三澤さんの願いむなしく、満員の客席は各30分の休憩の都度空席が増えていく。義理で来場したオーケストラやコーラスの友人・知人といった人たちなのかも。初めて体験するオペラが「パルジファル」、しかも演奏会形式なのだから耐えられないのを責めることも出来なかろう。かく言う私も長谷川さんには悪いが第1幕のグルネマンツの延々たる語りでは船を漕いでしまった。いきなりこれだもの、もうオペラはこりごりという人が何人も生まれただろう。

それで、演奏が詰まらなかったかと言うと、決してそんなことはない。歌い手の水準は高い。グルネマンツの長谷川顕さんに深々としたバスを望むのは無理だし、他にそう人材がいるわけでもない。10年以上前に竹田昌弘さんのパルジファルを聴いたのが私の唯一の舞台鑑賞なのだが、今回の片寄純也さんもいい。終幕では息切れ感も見受けられたが、明るさと強さのある声、この脳天気な若者役に嵌っている。アンフォルタスの初鹿野剛さん、二役の大森いちえいさんも好演だ。

何よりもクンドリの清水華澄さんが出色、芯のあるメゾソプラノ、この不思議なキャラクターの多様さの表現は長丁場でも飽きさせない。今回の公演の柱だったと言ってもいい。

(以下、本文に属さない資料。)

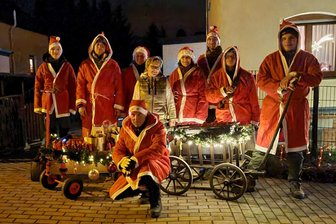 Freude im Advent: Wohlhausner verteilen und erhalten fast 100 Geschenke - Den Nikolausrundgang in Wohlhausen gab es dieses Jahr zum fünften Mal.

「パルジファル」が日本で上演されるのは公演プログラムによれば今回が10度目らしい。私が観た2000年の尼崎での公演が4度目になる。「パルジファル」完全全曲アマチュア世界初演、その文言がプログラムに踊っている。そう、これはアマチュアのオーケストラなのだ。確かに壮挙といっていい。しかも、何とかやりましたというレベルではない。長い期間の練習を経て生誕記念の年にぶつける。首都で複数のプロオーケストラが「ワルキューレ」第1幕というなか、この名古屋の志の高さには敬服する。曲が進むにつれてホルンはよく外すし、他のメンバーのスタミナ切れも感じないではなかったが、いや、ここまで出来るのかとワーグナーの音がする。ある意味、アマチュアだからこそ取り組めることかも。脱帽。

三澤さんが直接指導したのかどうか知らないが、コーラスも健闘である。何しろ新国立劇場のコーラスを世界のトップレベルに引き上げた人、影響を与えないはずはなかろう。この人がオーケストラを指揮するのを見るのは初めてだけど、声とのバランスが絶妙だ。舞台上のオーケストラと奥の小さな舞台、下手をすると声を掻き消すところだが、爆発的な総奏がある一方で、人物の声はちゃんと聞こえてくる。

会場の掲示では第1幕120分となっていたが、実際は90分程度の快速の演奏だった。後の二つの幕も遅い演奏ではなかったから、3時30分開演で、都合1時間の休憩を挟み終演は8時45分ぐらいだった。大阪方面への最終の近鉄特急、21:30発には余裕で間に合う。日中の雨もすっかりあがっていた。